● Given data
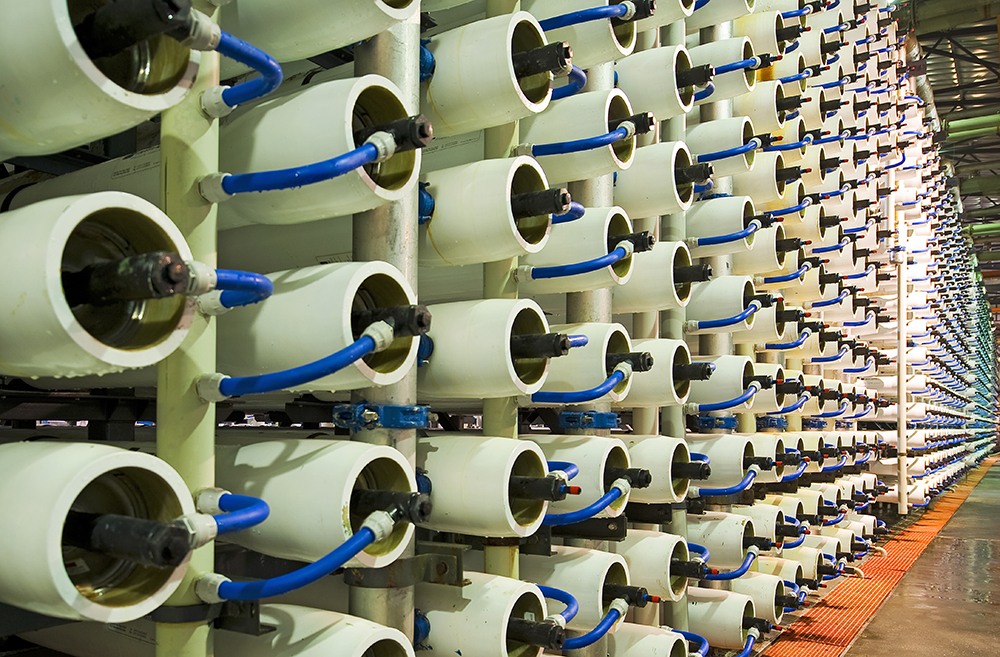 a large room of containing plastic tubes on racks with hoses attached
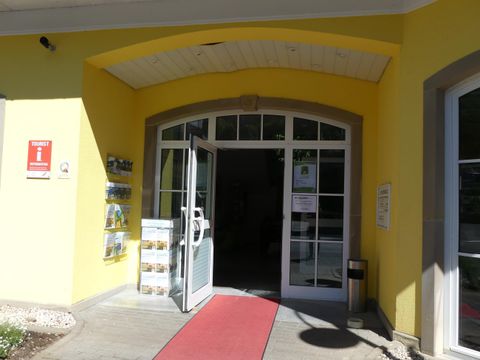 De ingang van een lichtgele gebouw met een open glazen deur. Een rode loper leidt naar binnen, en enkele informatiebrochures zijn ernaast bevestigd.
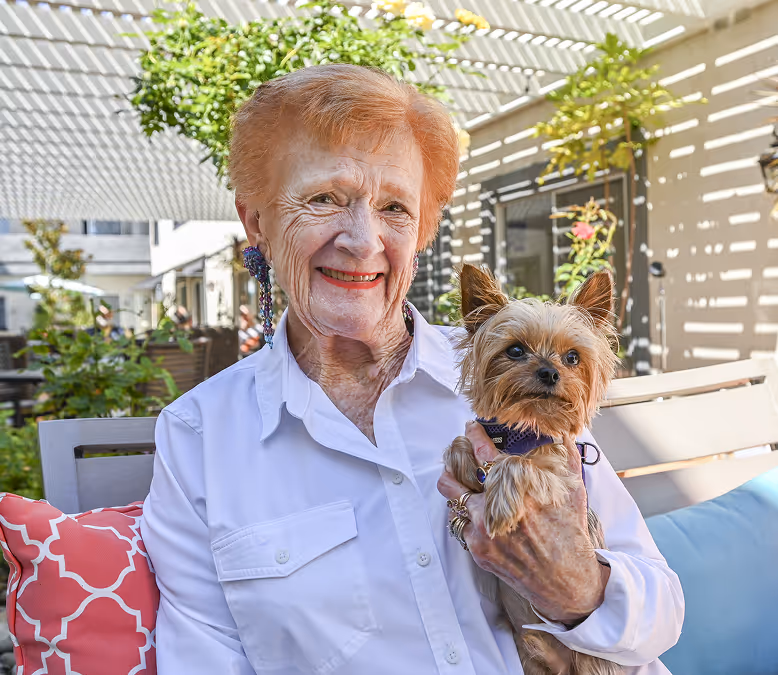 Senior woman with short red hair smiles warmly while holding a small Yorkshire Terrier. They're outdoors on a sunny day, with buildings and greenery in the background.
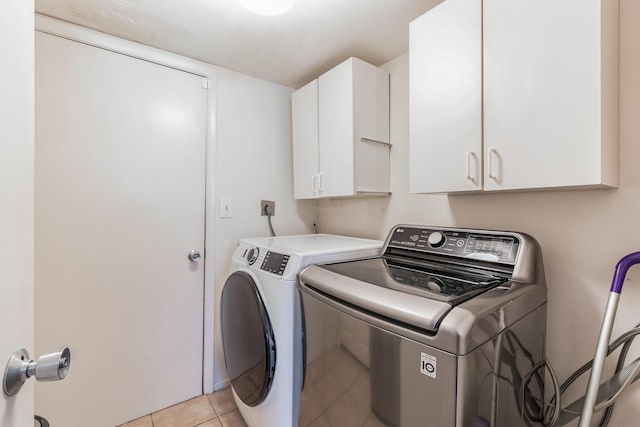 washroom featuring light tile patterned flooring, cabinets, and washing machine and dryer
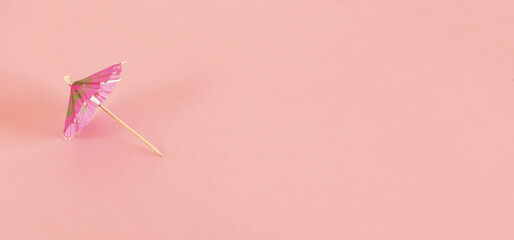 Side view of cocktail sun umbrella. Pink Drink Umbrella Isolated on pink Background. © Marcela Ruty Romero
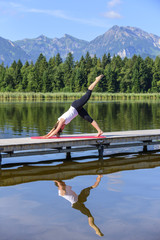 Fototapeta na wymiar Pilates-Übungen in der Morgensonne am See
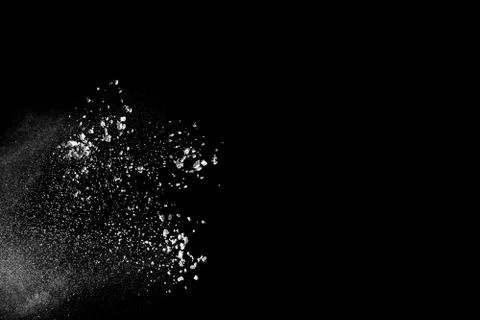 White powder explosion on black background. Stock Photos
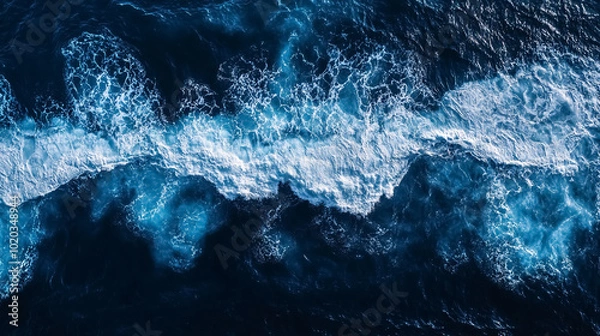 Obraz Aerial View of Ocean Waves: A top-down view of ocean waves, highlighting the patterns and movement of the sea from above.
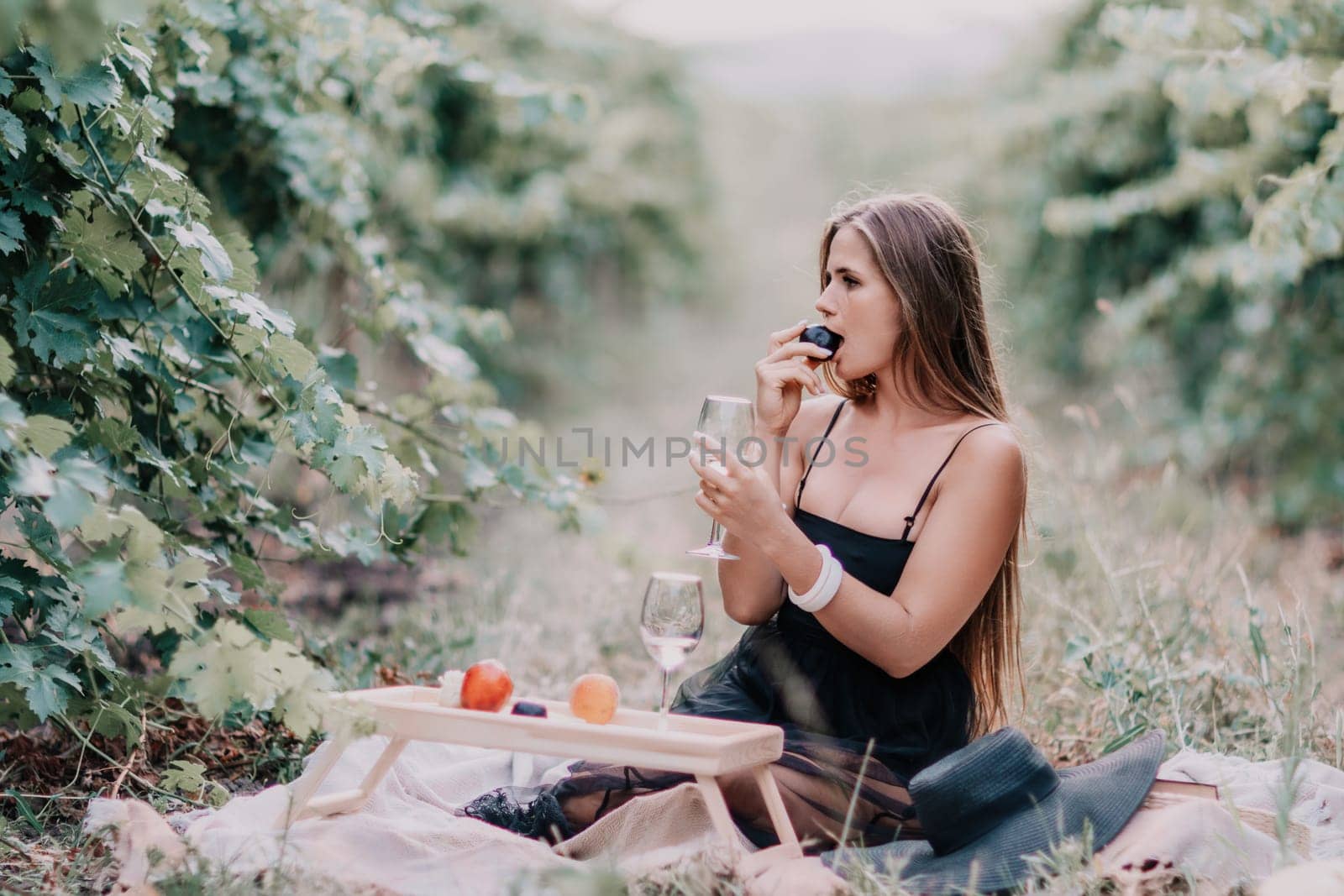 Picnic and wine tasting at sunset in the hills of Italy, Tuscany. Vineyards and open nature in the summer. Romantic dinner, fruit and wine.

● Your assignment
Look back over the records above. Reproduce exactly everything from the line with "De ingang van" down to the line with "Side view of", inclusive, and leave the pictures out.

● Your response
 De ingang van een lichtgele gebouw met een open glazen deur. Een rode loper leidt naar binnen, en enkele informatiebrochures zijn ernaast bevestigd.
 Senior woman with short red hair smiles warmly while holding a small Yorkshire Terrier. They're outdoors on a sunny day, with buildings and greenery in the background.
 washroom featuring light tile patterned flooring, cabinets, and washing machine and dryer
 Side view of cocktail sun umbrella. Pink Drink Umbrella Isolated on pink Background. © Marcela Ruty Romero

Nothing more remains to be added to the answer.